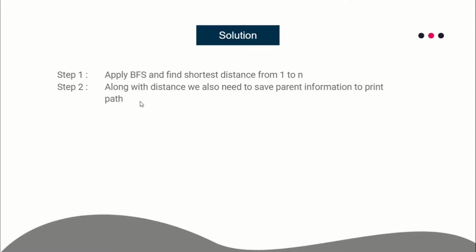We'll apply BFS and find the shortest distance from node 1 to node n. Along with the distance, we also need to save the parent information because we need to print the path. The prerequisites for this problem are BFS - I'll be providing the link in the description for all of the prerequisite sites. First, BFS, and second is a little knowledge of connected components.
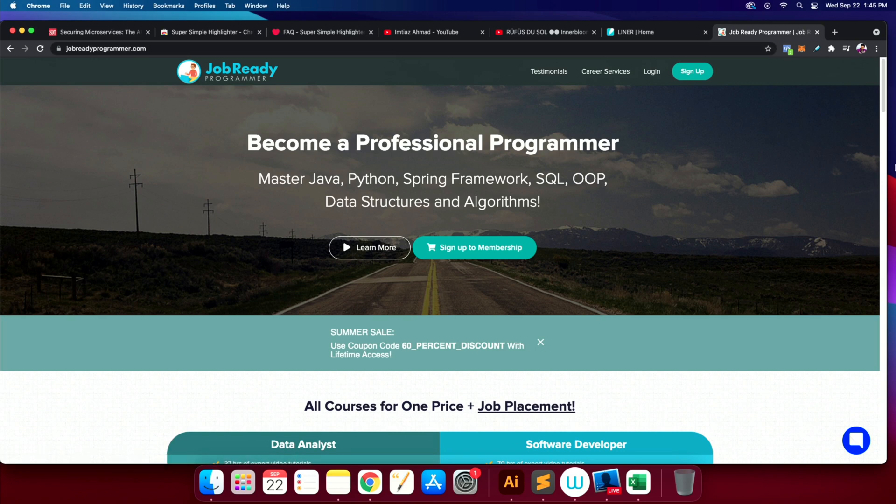That's literally how you want to think about building software. If you want to learn more, I've got a whole curriculum on jobreadyprogrammer.com where we teach thousands of students how to code and get jobs. Let me show you on my website what I'm talking about. By the way, we're having a promotional sale which is ending soon — summer's almost over — so there's a 60% discount available.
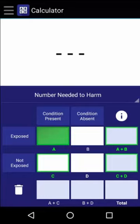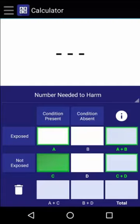The number of people who were exposed to the risk factor and developed the condition. The total number of people who were exposed. The number of people who weren't exposed but developed the condition. And the total number of people who weren't exposed.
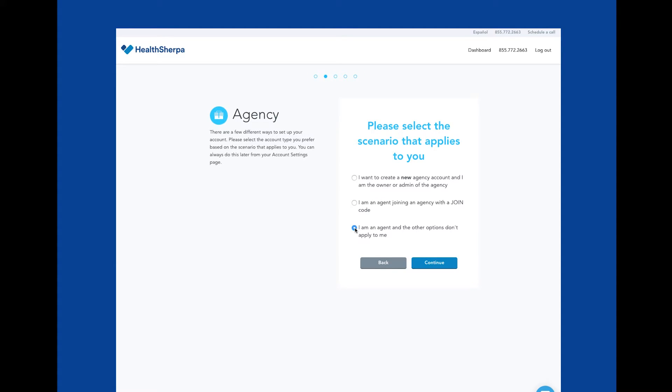However, please remember that you can always revisit this in your account settings. Let's select this option and click continue.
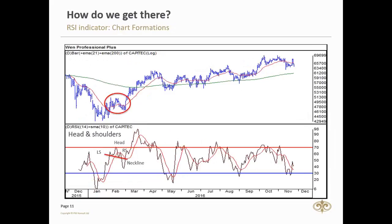Next is chart formations. The RSI indicator often forms chart patterns, such as head and shoulders or triangles, that may or may not be visible on the price chart. By recognizing chart patterns, you can identify direction changes before they occur.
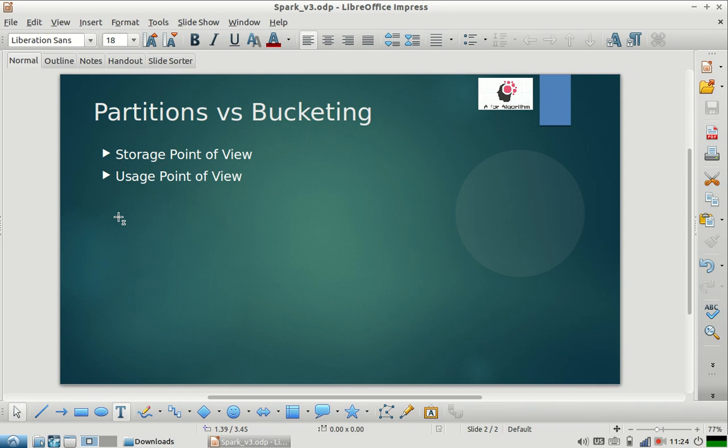I am creating a partition on the date column, and there are a thousand different values for that date column. Then for every value in the partition, for every unique date, there will be one folder created on HDFS, and the data that belongs to that particular date will be inside that folder.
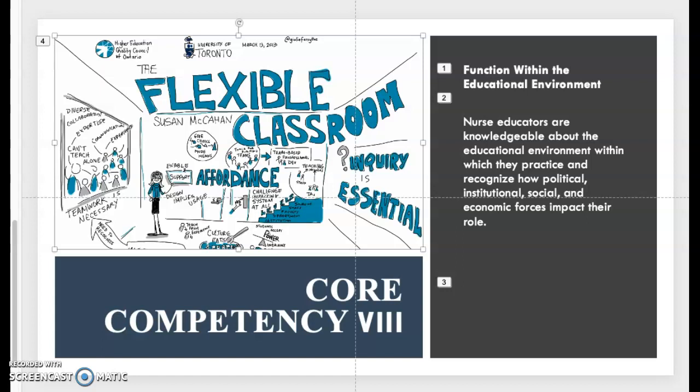There are many different factors that can really influence one's role as a nursing educator. As a nurse educator, it's important that you recognize these different factors. The final competency involves being knowledgeable about the environment in which education takes place.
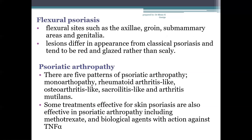Next is flexural psoriasis. This type occurs at flexural sites such as the axillae, groin, submammary areas and genitalia. The lesions differ from classical psoriasis — they tend to be red and glazed rather than scaly, because of the friction and moisture within the skin folds. The chances of secondary infection are higher, particularly with Candida.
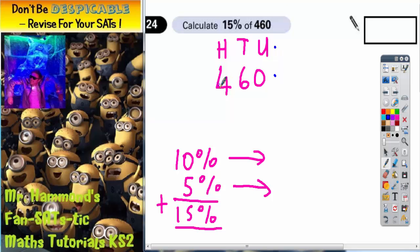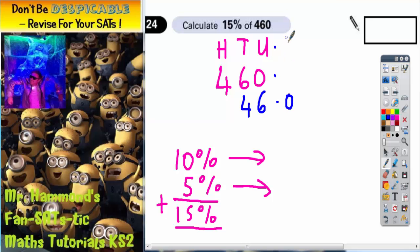So, 460: the 4 would move into the tens column, the 6 would move into the units column, and the 0 would move into the tens column. So, basically, 10% of 460 is 46.0, or just 46 if you like. So, 10% is 46.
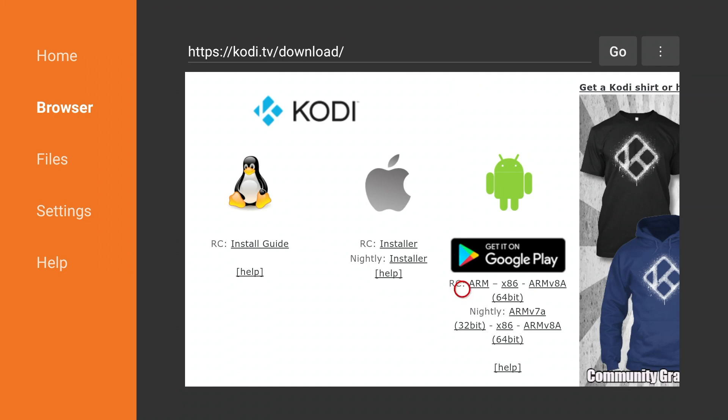Now under the Android section you're going to see two options that say ARM. Those are the ones that are compatible with the Fire TV. Now you have ARM and ARM 64-bit. Basically the one with 64-bit is only compatible with devices that are 64-bit. That would be the Fire TV with 4K.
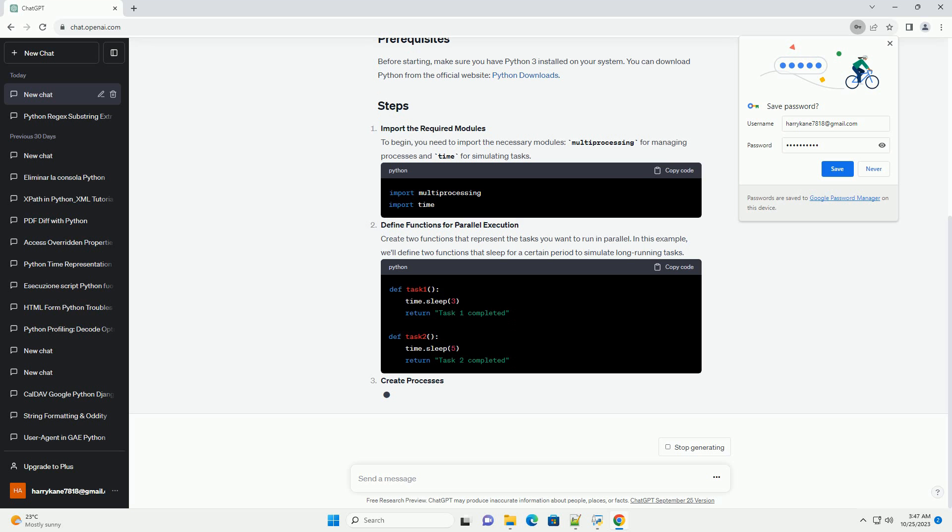Import the required modules. To begin, you need to import the necessary modules, multiprocessing for managing processes and time for simulating tasks. Define functions for parallel execution. Create two functions that represent the tasks you want to run in parallel. In this example, we'll define two functions that sleep for a certain period to simulate long-running tasks.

Brief
Write out the data above in full and exactly, but without the pictures.

Task solution
We'll apply BFS and find the shortest distance from node 1 to node n. Along with the distance, we also need to save the parent information because we need to print the path. The prerequisites for this problem are BFS - I'll be providing the link in the description for all of the prerequisite sites. First, BFS, and second is a little knowledge of connected components.
That's literally how you want to think about building software. If you want to learn more, I've got a whole curriculum on jobreadyprogrammer.com where we teach thousands of students how to code and get jobs. Let me show you on my website what I'm talking about. By the way, we're having a promotional sale which is ending soon — summer's almost over — so there's a 60% discount available.
The number of people who were exposed to the risk factor and developed the condition. The total number of people who were exposed. The number of people who weren't exposed but developed the condition. And the total number of people who weren't exposed.
However, please remember that you can always revisit this in your account settings. Let's select this option and click continue.
Next is chart formations. The RSI indicator often forms chart patterns, such as head and shoulders or triangles, that may or may not be visible on the price chart. By recognizing chart patterns, you can identify direction changes before they occur.
I am creating a partition on the date column, and there are a thousand different values for that date column. Then for every value in the partition, for every unique date, there will be one folder created on HDFS, and the data that belongs to that particular date will be inside that folder.
There are many different factors that can really influence one's role as a nursing educator. As a nurse educator, it's important that you recognize these different factors. The final competency involves being knowledgeable about the environment in which education takes place.
Next is flexural psoriasis. This type occurs at flexural sites such as the axillae, groin, submammary areas and genitalia. The lesions differ from classical psoriasis — they tend to be red and glazed rather than scaly, because of the friction and moisture within the skin folds. The chances of secondary infection are higher, particularly with Candida.
So, 460: the 4 would move into the tens column, the 6 would move into the units column, and the 0 would move into the tens column. So, basically, 10% of 460 is 46.0, or just 46 if you like. So, 10% is 46.
Now under the Android section you're going to see two options that say ARM. Those are the ones that are compatible with the Fire TV. Now you have ARM and ARM 64-bit. Basically the one with 64-bit is only compatible with devices that are 64-bit. That would be the Fire TV with 4K.
Import the required modules. To begin, you need to import the necessary modules, multiprocessing for managing processes and time for simulating tasks. Define functions for parallel execution. Create two functions that represent the tasks you want to run in parallel. In this example, we'll define two functions that sleep for a certain period to simulate long-running tasks.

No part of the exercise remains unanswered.